▸ Assignment: From the first line to the last, return the data exactly, with no pictures.

▸ Collected material:

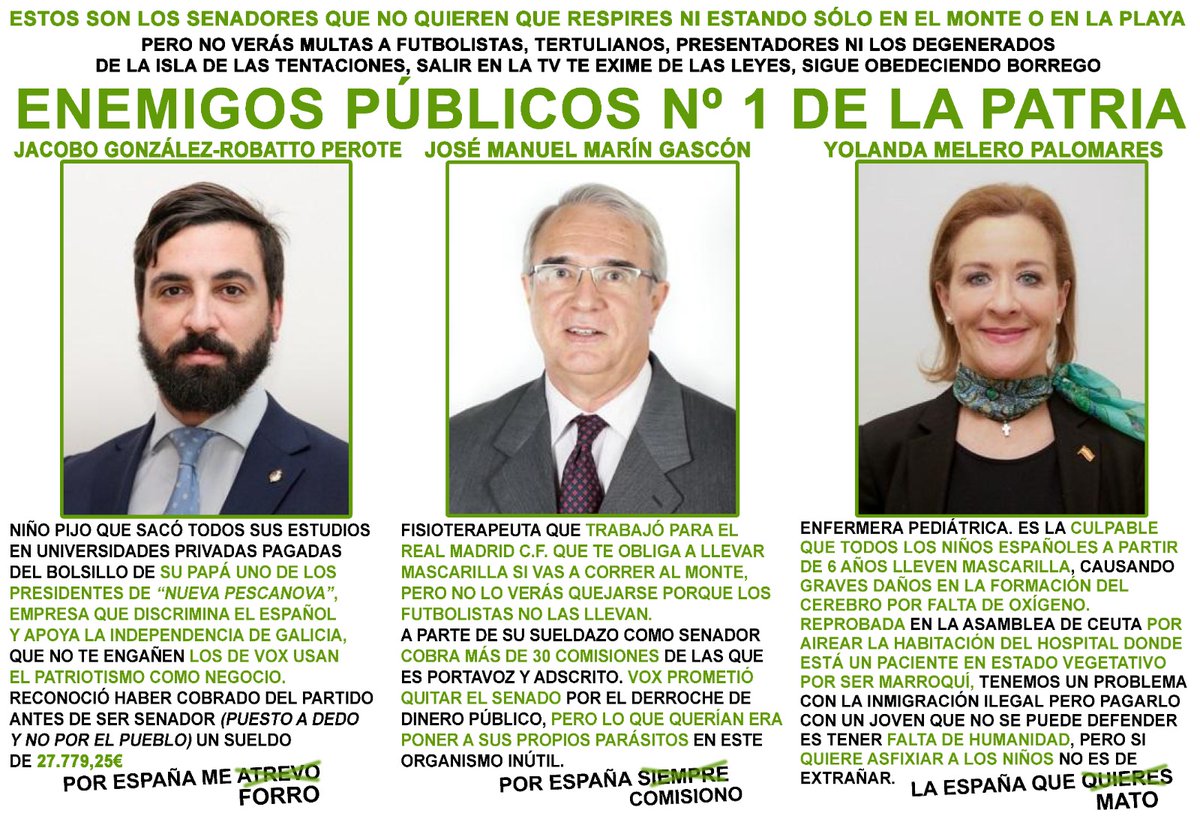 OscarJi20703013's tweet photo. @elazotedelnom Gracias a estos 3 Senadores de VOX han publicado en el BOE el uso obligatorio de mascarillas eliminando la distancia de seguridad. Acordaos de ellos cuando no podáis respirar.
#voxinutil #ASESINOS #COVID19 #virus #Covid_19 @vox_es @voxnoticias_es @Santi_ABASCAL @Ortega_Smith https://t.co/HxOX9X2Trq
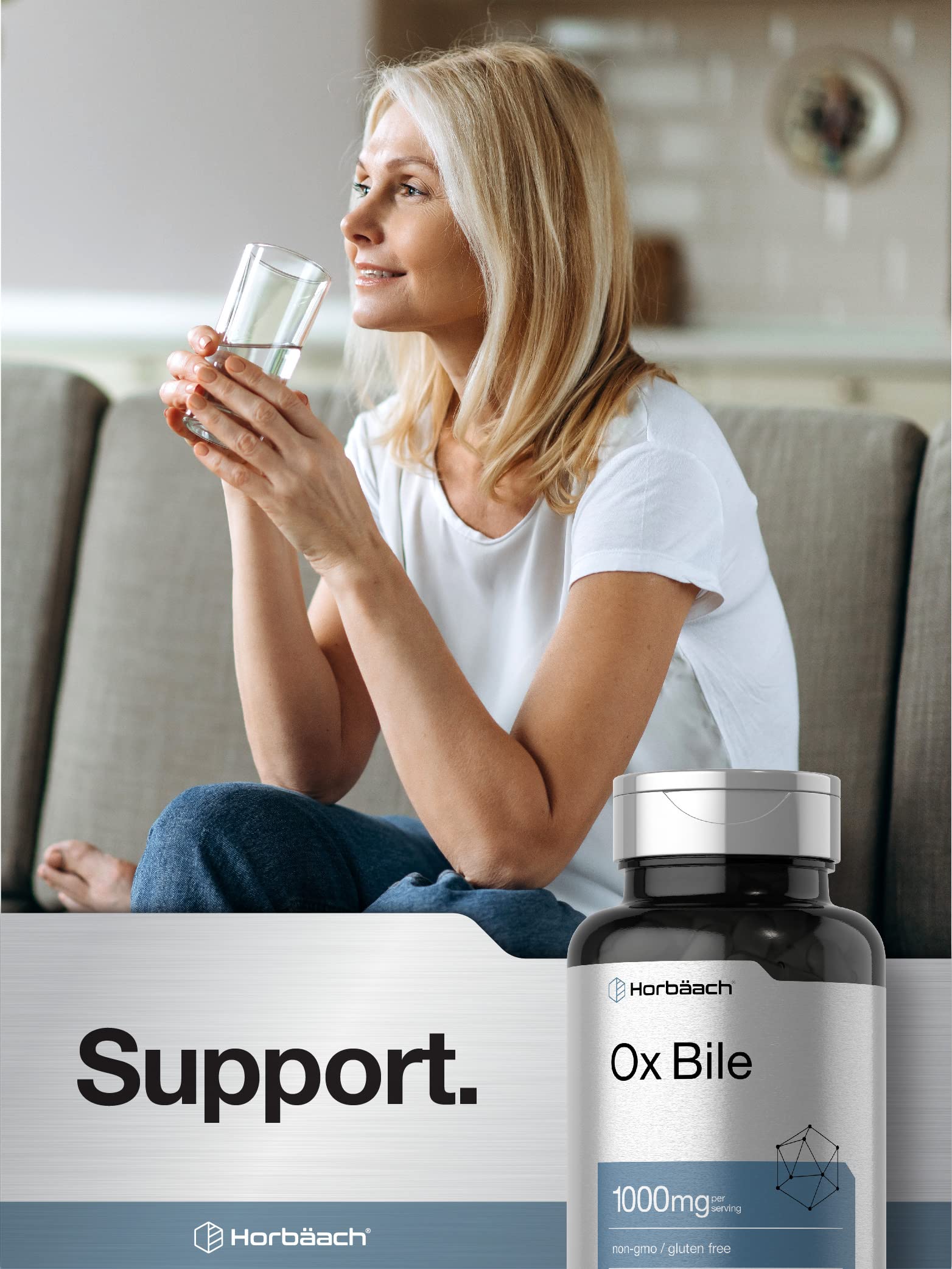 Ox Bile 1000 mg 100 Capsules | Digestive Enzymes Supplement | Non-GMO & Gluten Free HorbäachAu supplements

▸ Task answer:
 OscarJi20703013's tweet photo. @elazotedelnom Gracias a estos 3 Senadores de VOX han publicado en el BOE el uso obligatorio de mascarillas eliminando la distancia de seguridad. Acordaos de ellos cuando no podáis respirar.
#voxinutil #ASESINOS #COVID19 #virus #Covid_19 @vox_es @voxnoticias_es @Santi_ABASCAL @Ortega_Smith https://t.co/HxOX9X2Trq
 Ox Bile 1000 mg 100 Capsules | Digestive Enzymes Supplement | Non-GMO & Gluten Free HorbäachAu supplements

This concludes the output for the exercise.